Marvel Comics continues to celebrate the X-Men's 50th anniversary with the aptly named X-Men Gold, an anthology featuring a handful of classic X-Men creators telling short stories set during whichever X-Men era they are most associated with. Its a nice throwback for longtime fans of the X-Men who will get a bit of well-crafted nostalgia for times gone by.
The first and longest story in the anthology is written by the creator most responsible for the X-Men's fifty years of success, Chris Claremont, and illustrated by the co-creator of the New Mutants, Bob McLeod. Kitty Pryde reprises her familiar role as point-of-view character for the tale, set immediately after the X-Men's trip to Japan for Wolverine's ill-fated wedding. The X-Men see signs of trouble in China on their global scanner and jump into action. They arrive to find a gigantic sentinel storming about and causing chaos. Naturally, a battle ensues.
Its a pretty simple tale, but Claremont chose the perfect time period to set it in. It allows for cameos from some of his favorite supporting characters - like Lilandra, the Starjammers and Madelyne Pryor - but, more importantly, its an era absolutely soaked in the character-focused drama that was Claremont's stock and trade. Rogue, still new to the team after leaving Mystique's Brotherhood, slowly bonds with her new teammates, particularly Nightcrawler, who is better written and characterized in this story than he has been in twenty years. Meanwhile, Kitty helps Wolverine move on from the unfortunate events of his wedding in the kind of heartfelt scenes that used to be the rule for X-Men stories rather than the exception.
McLeod's art feels, similarly, like something out of a different time and is sometimes at odds with the modern style of coloring. His characters have strong features and are more cartoonish and less realistic than the style employed by many modern superhero artists. His panels feel a bit crowded and the layouts are a bit hard to follow at times, but there's a lot of action on display in this story, so these are minor and forgivable sins.
The story feels like it could have been an unpublished issue of Claremont's original run, and while that style didn't go over so well when he returned to the books years ago, its a pleasure in this small dosage. The story will have fans quickly reaching for their Clarement penned omnibus, Marvel Masterpieces, or Essential volumes.
The rest of the stories are much shorter, starting with "The Sorrow Beneath the Sport!" Stan Lee, one of the original creators of the X-Men, scripts this story, which was plotted by Louise Simonson. Obviously the other co-creator, Jack Kirby, couldn't return to draw the story, so they got the next best thing with Walt Simonson. The story's plot has the male members of the original X-Men racing to the Danger Room to win a date with Jean Grey, which is exactly the kind of silly story that made most of the original X-Men run so forgettable. Really, the story is a showcase for Simonson's expressive and kinetic art, which owes much of its style to Kirby, and for Stan Lee's trademark dialog, which remains as charming as ever.

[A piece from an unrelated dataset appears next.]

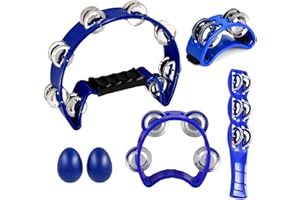 MOONBACK Tambourine, 4 Bells Tambourine, Foot Tambourine, Metal Jingles Hand Held Percussion,Tambourine For Adults,Half Moon Tambourine And Egg Shakers, Tambourine Stick Blue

Roy Thomas's tale of a chance meeting in Memphis between Sunfire and Banshee, a mere two days before the events of Giant-Size X-Men #1, is the least of all the stories presented here. Not much more happens than a typical superhero "meeting leads to misunderstanding leads to fight scene" type plot, and the chemistry between the two characters as they bond afterwards is strained, but Pat Oliffe's sharp artwork and Chris Sotomayor's colors at least makes it nice to look at.
"Options!" is a fun story, written by Len Wein with fantastic artwork by Jorge Molina, that takes place during Giant-Size X-Men #1. Its a look inside the head of Wolverine, Wein's creation, as he imagines how he could defeat all of the other members of the new team of X-Men now that they have assembled at the mansion for the first time. It's a great reminder of Wolverine's early days and why he got to call himself "the best at what he does." Molina makes all the imaginary violence look like a beautiful all-ages story with lush colors and slightly exaggerated character models. Hopefully we'll see him drawing more mutants in the future.
The final story is "Dreams Brighten," written by Fabian Nicieza, one of the primary X-Men writers of the '90s, with art from Salvador Larocca, whose style looks much more like his X-Treme X-Men days than his darker Invincible Iron Man work. Its hard to explain what happens in this story without spoiling it, but if your not pretty familiar with the major X-Men stories of the 1990s, particularly Fatal Attractions, then there is a good chance the story will makes absolutely no sense to you. Its kind of a sick genius on Nicieza's part since that kind of impenetrable, continuity-heavy storytelling defined X-Men comics in the '90s. It sort of works, but you can't help but feel that it shouldn't.
X-Men Gold is a treat for X-Men fans. It feels like a photo album for the X-Men franchise, with each story a picture that perfectly preserves what X-Men stories were during that period of time, despite the fact that each story was written only recently. Fan service? Maybe, but its very well done fan service if it is.